Even with all of the recent buzz surrounding social enterprises, many people are still left in the dark about what exactly a social enterprise is and what they do. Perhaps even worse, there are several common misconceptions about social enterprises that are leaving people confused about how social enterprises are effective mission-driven businesses. While there’s still some debate around what exactly a social enterprise is, we know for sure what they are not. That being said, here are 5 common misconceptions about social enterprises.
A Social Enterprise is a Glorified Charity
This is probably the most common of the misconceptions about social enterprises. For some people, the line between a social enterprise and a charity is blurred. While donations in the social entrepreneurship world are certainly welcomed—and sometimes asked for—a social enterprise is not dependent upon charitable donations. While the general aims of a charity and a social enterprise may be the same, a charity’s dependence upon generous donations limits its impacts. Because a social enterprise incorporates a successful business model, it is able to combine donor contributions with revenues in order to produce meaningful and sustained impacts. This could look like a charity being able to provide a single free meal, versus a social enterprise providing education and resources to support a community in growing their own food. Additionally, while a social enterprise may choose a not-for-profit structure (which is a must for a charity), there are certain legal characteristics under the Charities Act 2013 that will be difficult to meet given their business structure.
For Social Enterprises, Mission and Profit are Equally Important
While we’re on the topic of profit, we can touch on this common misconception: that social enterprises focus equally on profit and mission. While they operate as a business, a social enterprise’s main focus is impact, not the bottom line. Simply put, a social enterprise exists to fulfil a certain mission, not make money. Unlike a traditional business, a profitable year is not the main indicator of success. Instead, success depends on the achievement of a specific social or environmental outcome.

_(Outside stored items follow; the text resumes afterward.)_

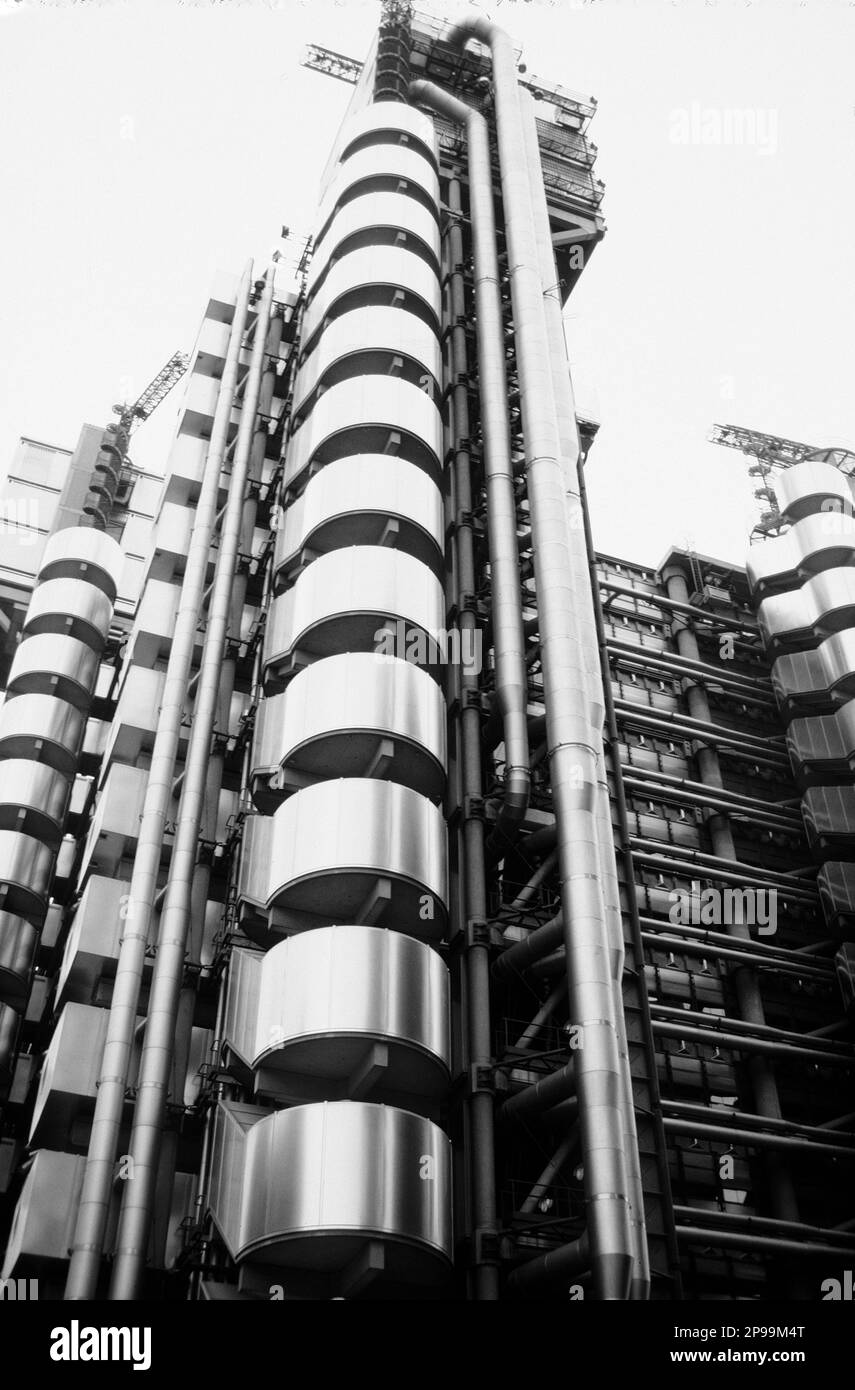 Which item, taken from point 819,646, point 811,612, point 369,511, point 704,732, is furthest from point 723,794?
point 369,511

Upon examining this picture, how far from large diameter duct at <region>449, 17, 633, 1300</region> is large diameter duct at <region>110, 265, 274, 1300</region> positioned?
1118 centimetres

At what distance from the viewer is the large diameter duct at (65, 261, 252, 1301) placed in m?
33.2

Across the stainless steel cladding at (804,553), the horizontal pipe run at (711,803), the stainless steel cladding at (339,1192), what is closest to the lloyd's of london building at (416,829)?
the stainless steel cladding at (339,1192)

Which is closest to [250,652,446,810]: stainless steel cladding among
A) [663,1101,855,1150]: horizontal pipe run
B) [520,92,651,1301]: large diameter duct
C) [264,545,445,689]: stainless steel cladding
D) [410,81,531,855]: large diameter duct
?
[264,545,445,689]: stainless steel cladding

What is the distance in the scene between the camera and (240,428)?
53406 millimetres

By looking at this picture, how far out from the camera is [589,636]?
42.2 m

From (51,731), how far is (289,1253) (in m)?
25.9

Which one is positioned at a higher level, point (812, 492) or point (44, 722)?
point (812, 492)

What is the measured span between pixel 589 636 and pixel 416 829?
927 cm

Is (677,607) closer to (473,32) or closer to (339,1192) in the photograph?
(473,32)

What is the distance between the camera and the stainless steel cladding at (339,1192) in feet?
98.9

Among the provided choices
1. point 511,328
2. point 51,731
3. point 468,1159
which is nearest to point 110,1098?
point 468,1159

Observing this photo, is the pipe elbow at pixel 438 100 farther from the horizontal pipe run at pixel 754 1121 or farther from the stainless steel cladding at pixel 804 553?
the horizontal pipe run at pixel 754 1121

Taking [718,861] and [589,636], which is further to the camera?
[718,861] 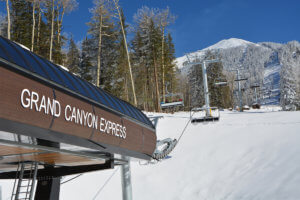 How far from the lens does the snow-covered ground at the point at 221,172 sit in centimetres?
927

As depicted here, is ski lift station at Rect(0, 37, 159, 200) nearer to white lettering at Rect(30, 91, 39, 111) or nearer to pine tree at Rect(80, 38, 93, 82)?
white lettering at Rect(30, 91, 39, 111)

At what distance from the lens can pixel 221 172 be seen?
11.1 metres

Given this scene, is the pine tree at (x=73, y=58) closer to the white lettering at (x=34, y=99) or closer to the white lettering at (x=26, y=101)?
the white lettering at (x=34, y=99)

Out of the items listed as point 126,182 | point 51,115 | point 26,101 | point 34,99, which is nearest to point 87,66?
point 126,182

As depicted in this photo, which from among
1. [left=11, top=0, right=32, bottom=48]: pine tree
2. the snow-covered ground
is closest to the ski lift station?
the snow-covered ground

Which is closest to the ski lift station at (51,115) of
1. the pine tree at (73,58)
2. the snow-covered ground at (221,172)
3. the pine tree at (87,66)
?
the snow-covered ground at (221,172)

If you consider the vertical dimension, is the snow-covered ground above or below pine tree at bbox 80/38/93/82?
below

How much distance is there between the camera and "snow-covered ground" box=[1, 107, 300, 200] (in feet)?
30.4

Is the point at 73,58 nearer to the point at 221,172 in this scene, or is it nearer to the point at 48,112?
the point at 221,172

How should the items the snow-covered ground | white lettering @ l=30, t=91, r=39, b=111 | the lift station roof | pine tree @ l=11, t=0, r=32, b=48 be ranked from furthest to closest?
pine tree @ l=11, t=0, r=32, b=48, the snow-covered ground, white lettering @ l=30, t=91, r=39, b=111, the lift station roof

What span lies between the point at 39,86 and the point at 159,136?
13.9 m

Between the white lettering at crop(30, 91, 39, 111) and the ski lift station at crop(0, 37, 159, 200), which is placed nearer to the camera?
the ski lift station at crop(0, 37, 159, 200)

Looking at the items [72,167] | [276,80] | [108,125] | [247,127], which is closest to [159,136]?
[247,127]

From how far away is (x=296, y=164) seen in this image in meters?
9.53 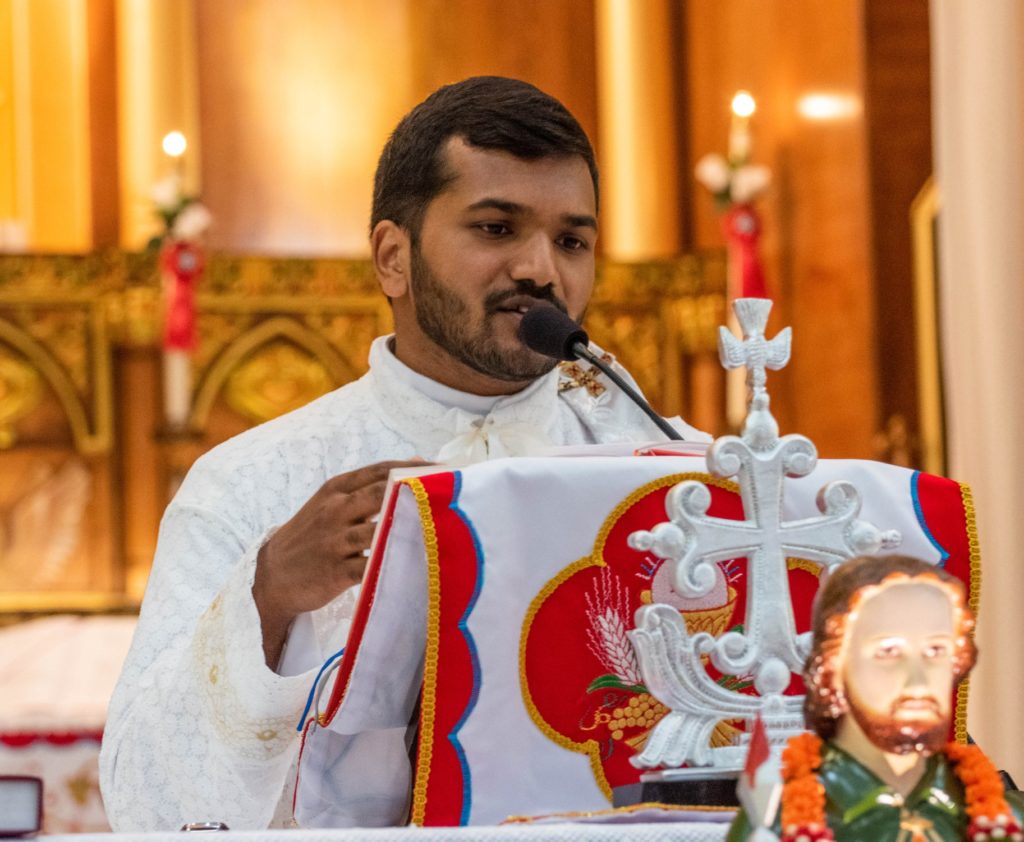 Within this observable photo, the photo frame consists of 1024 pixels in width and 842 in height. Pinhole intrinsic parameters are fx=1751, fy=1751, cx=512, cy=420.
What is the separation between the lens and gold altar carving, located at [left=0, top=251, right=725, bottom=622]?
24.7ft

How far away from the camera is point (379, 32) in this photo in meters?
8.64

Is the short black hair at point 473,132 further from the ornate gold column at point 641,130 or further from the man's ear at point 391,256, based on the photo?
the ornate gold column at point 641,130

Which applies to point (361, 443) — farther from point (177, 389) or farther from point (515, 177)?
point (177, 389)

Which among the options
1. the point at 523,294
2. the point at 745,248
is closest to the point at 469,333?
the point at 523,294

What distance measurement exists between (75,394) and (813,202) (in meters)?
3.26

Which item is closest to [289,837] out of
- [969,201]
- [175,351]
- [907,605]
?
[907,605]

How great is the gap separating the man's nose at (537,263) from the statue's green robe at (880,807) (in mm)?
1081

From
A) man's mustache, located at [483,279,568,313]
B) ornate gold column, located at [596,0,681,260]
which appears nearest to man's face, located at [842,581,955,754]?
man's mustache, located at [483,279,568,313]

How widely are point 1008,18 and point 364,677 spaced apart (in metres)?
2.63

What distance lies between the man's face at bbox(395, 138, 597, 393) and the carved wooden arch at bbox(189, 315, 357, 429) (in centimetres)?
547

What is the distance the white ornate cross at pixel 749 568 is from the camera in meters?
→ 1.33

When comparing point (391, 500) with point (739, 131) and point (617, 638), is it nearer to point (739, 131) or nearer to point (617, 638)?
point (617, 638)

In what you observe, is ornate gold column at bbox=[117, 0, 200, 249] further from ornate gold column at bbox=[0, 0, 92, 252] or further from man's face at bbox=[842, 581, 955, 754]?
man's face at bbox=[842, 581, 955, 754]

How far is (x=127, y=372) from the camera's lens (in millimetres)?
→ 7781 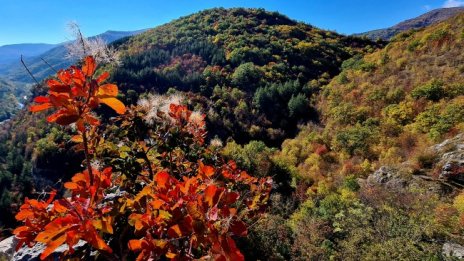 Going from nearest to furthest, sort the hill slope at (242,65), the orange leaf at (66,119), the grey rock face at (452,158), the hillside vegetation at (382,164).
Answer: the orange leaf at (66,119)
the hillside vegetation at (382,164)
the grey rock face at (452,158)
the hill slope at (242,65)

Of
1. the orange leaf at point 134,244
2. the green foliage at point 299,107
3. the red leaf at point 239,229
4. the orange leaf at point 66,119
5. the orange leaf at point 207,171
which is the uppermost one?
the orange leaf at point 66,119

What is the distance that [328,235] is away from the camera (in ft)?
19.6

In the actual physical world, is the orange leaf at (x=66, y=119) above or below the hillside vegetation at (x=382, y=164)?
above

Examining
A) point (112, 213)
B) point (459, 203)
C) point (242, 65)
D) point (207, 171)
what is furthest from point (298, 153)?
point (242, 65)

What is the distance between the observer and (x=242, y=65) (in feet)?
106

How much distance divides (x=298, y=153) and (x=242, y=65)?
19.8 metres

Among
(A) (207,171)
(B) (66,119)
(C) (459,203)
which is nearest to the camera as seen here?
(B) (66,119)

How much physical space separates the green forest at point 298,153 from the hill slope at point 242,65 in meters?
0.21

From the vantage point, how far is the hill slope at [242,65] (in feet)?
81.7

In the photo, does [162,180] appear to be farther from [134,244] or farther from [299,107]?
[299,107]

This isn’t to say that a social enterprise shouldn’t focus at all on profits. In many cases, a social enterprise’s revenues will go back into supporting their mission—and are absolutely necessary. However, when a focus on profits outweighs the focus on mission, it could compromise the latter.
Social Enterprises Only Exist in Certain Sectors—Like Education and Healthcare
When we think of “doing good,” many of us commonly think of certain sectors where there is a demonstrated need for support. Healthcare and education are quick to come to mind but in Australia, where there are an estimated 20,000 social enterprises, it’s safe to say that the impact of social entrepreneurship can be felt far and wide. There certainly are social enterprises that are tackling some of the world’s biggest problems in the education and healthcare sectors, but there are also social enterprises operating in a wide range of range of other industries including transport, manufacturing, food service, construction, environment, social assistance, and more. From producing orange juice to designing dresses, impact and innovation come in many forms—and we’re thankful for that.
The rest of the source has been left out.